Segundo Formigari, por já nascer de um programa de pontos já estabelecido, o Itaú não precisa criar outros mecanismos para monetizar o marketplace. “Essa monetização vai se dar naturalmente no meu negócio financeiro. O que a gente quer com o marketplace é aumentar o ‘share of time’ [o tempo gasto pelo cliente] no nosso ecossistema”, afirma.
Para organizar essa operação, o Itaú está reunindo áreas antes dispersas, como o programa de fidelidade, os benefícios da Credicard e também os do Personnalité. “Para o cliente ficava difuso, uma parte relevante acabava não reconhecendo, então, o que estamos fazendo é juntar e garantir uma grande experiência, ter uma oferta integrada e contextualizada.”
Entra no pacote até o programa de assinatura iPhone para Sempre, em parceria com a Apple, que tornou o Itaú um dos maiores vendedores da marca no mercado brasileiro.
No BB, ainda não há um projeto de criação de um marketplace propriamente dito, mas a instituição também vem juntando iniciativas que estavam dispersas. Thiago Borsari, diretor de negócios digitais, afirma que até o fim do ano devem ser agrupadas as áreas de facilidades (giftcards), cupons e programa de fidelidade. Na operação de giftcards, lançada em dezembro, mais de 128 mil clientes já compraram 533 mil itens. A receita com a venda dos créditos chegou a R$ 1,4 milhão. Na área de cupons, são mais 360 mil clientes.
“Nossa intenção é atingir o público mais de varejo, fazer a integração disso na usabilidade do cliente. Ainda não está pronto, estamos conversando, não só do ponto de vista de criação de uma plataforma, mas falando com diversos parceiros”, afirma o executivo. Segundo ele, o impacto na receita total do banco não deve ser significativo neste ano, mas no médio prazo essa área pode ser, sim, uma fonte importante de receitas.

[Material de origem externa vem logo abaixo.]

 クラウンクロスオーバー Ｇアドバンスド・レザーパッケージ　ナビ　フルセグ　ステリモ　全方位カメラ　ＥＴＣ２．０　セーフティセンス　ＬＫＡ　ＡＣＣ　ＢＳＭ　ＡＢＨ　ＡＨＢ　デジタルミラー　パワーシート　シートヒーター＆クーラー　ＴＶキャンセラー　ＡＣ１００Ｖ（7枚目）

Em outra iniciativa, o BB já tem um marketplace exclusivo para o agronegócio — a plataforma Broto, que conta com cerca de 550 produtos, de tratores a defensivos agrícolas, e já gerou R$ 300 milhões em vendas. “O BB é um dos maiores fomentadores do agro no Brasil e estamos investindo bastante nesse segmento”, afirma Borsari.

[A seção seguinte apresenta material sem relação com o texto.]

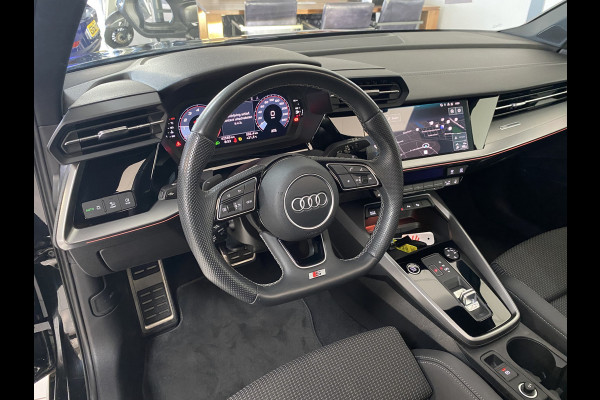 Audi A3 Sportback 35 TFSI S edition Panoramadak / B&O soundsystem /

No Bradesco, o presidente do banco, Octavio de Lazari Jr, afirmou em entrevista recente ao Valor que o marketplace, originalmente disponível apenas para clientes do segmento de alta renda, será em breve estendido para toda a base.
“O cliente quer entrar no app e poder resolver coisas, comprar o streaming da Disney ou algo na farmácia. […] É isto que estamos buscando como caminho para substituir tarifas que você deixa de ter porque o cliente faz um Pix em vez de TED ou DOC. Em dois, três, quatro anos passará a ser uma linha relevante de receita”, comentou.
Nesta semana, Renato Ejnisman, presidente do Next, disse que o banco digital – que pertence ao Bradesco — terá seu próprio marketplace, expandindo a área atual de “mimos”. “A tendência é que as fronteiras entre setores fiquem cada vez mais tênues, com varejistas oferecendo serviços financeiros, e o setor financeiro indo para o mundo do varejo, porque eles têm uma sinergia muito boa”, afirmou.
O site de e-commerce ShopFácil, que é do Bradesco, passou recentemente para a estrutura do Next, mas continuará operando de maneira independente do novo marketplace.